## WHAT TO WORK ON
For this exercise, write out only the lines of the entries below from the one with "Newsprint Hair-on-Hide Seasonal" up to and including the one with "Mini Boden Girl's", exactly as they are. Pictures stay out.

## EXERCISE MATERIALS
=== Begin Enclosure ===

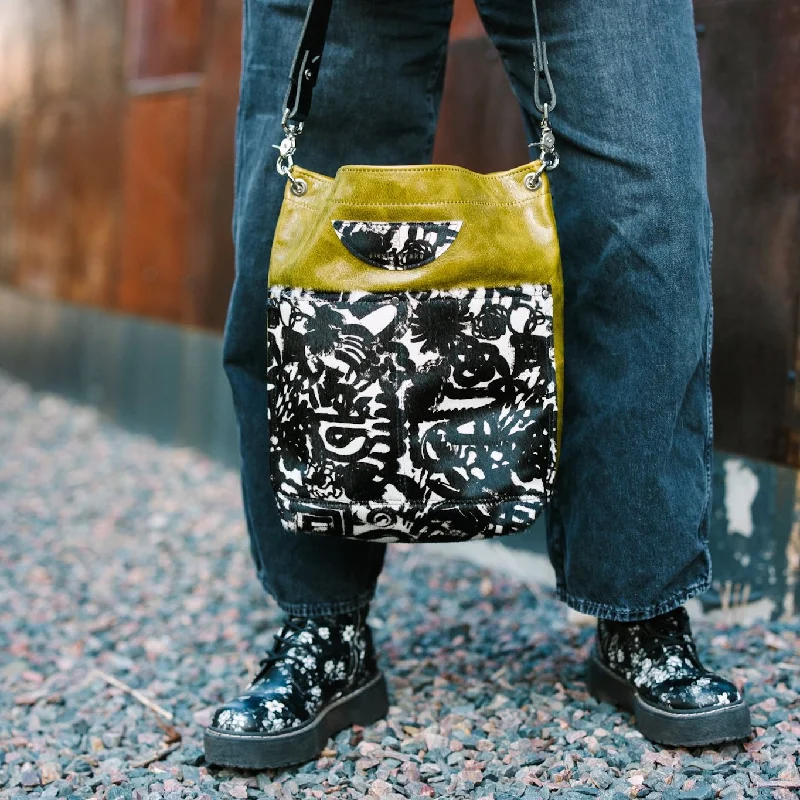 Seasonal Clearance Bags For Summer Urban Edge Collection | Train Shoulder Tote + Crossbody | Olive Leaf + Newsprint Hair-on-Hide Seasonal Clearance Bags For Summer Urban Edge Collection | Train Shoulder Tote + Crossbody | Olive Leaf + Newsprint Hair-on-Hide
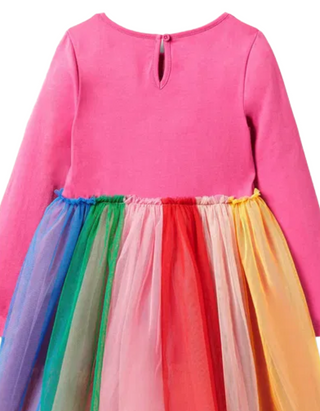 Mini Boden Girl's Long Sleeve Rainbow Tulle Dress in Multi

=== End Enclosure ===
=== Begin Enclosure ===

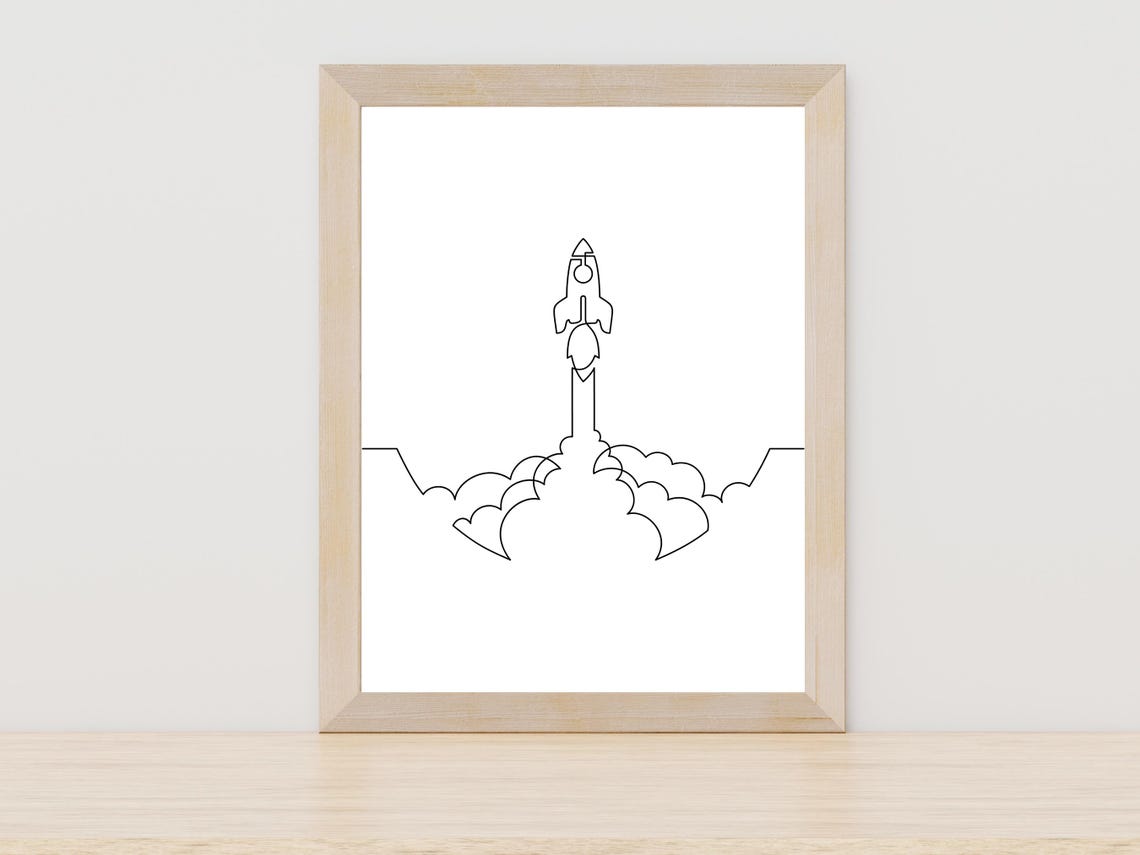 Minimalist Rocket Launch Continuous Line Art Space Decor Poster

=== End Enclosure ===
=== Begin Enclosure ===

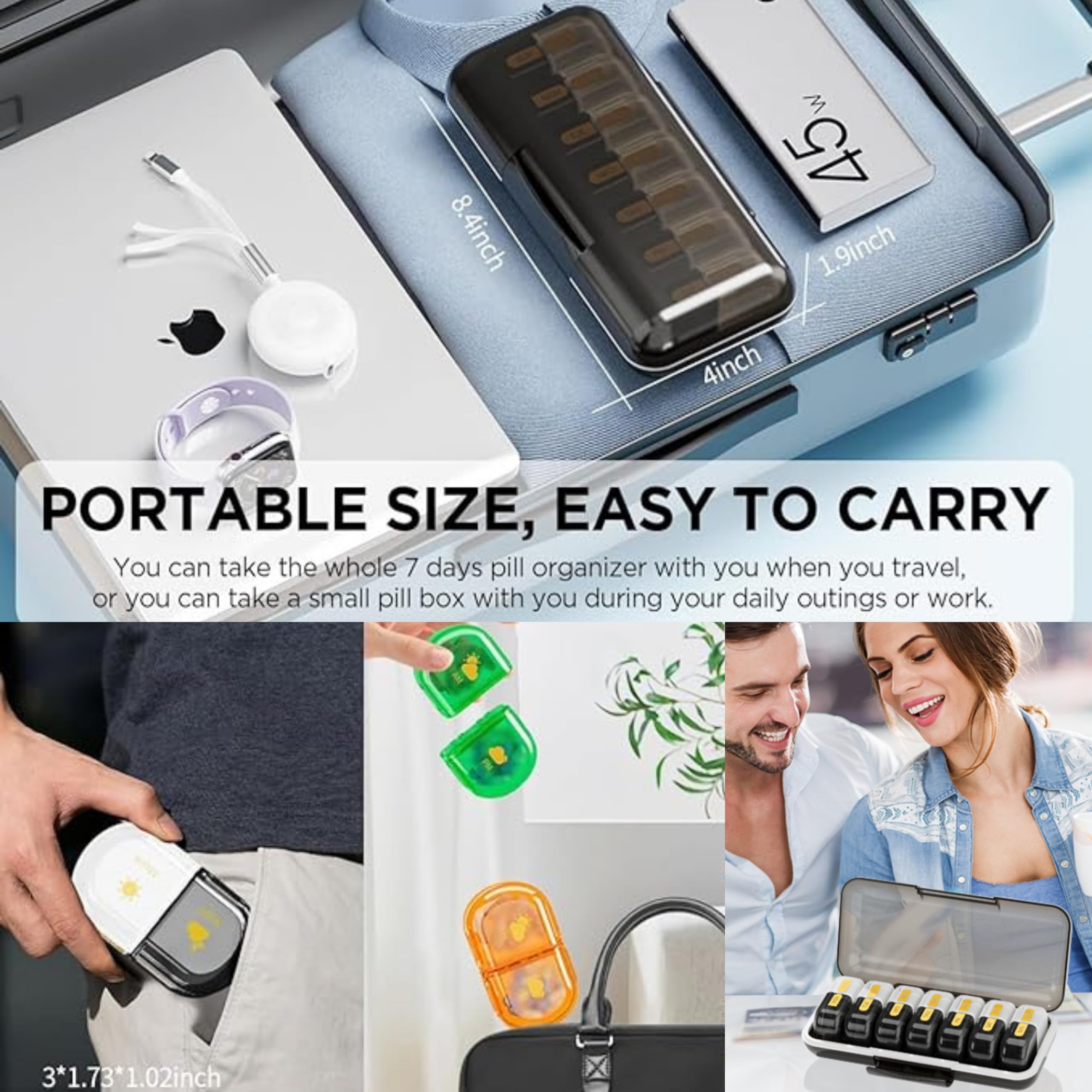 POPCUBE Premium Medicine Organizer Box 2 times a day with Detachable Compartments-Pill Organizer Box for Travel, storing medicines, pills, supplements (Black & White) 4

=== End Enclosure ===

## THE ANSWER
 Seasonal Clearance Bags For Summer Urban Edge Collection | Train Shoulder Tote + Crossbody | Olive Leaf + Newsprint Hair-on-Hide Seasonal Clearance Bags For Summer Urban Edge Collection | Train Shoulder Tote + Crossbody | Olive Leaf + Newsprint Hair-on-Hide
 Mini Boden Girl's Long Sleeve Rainbow Tulle Dress in Multi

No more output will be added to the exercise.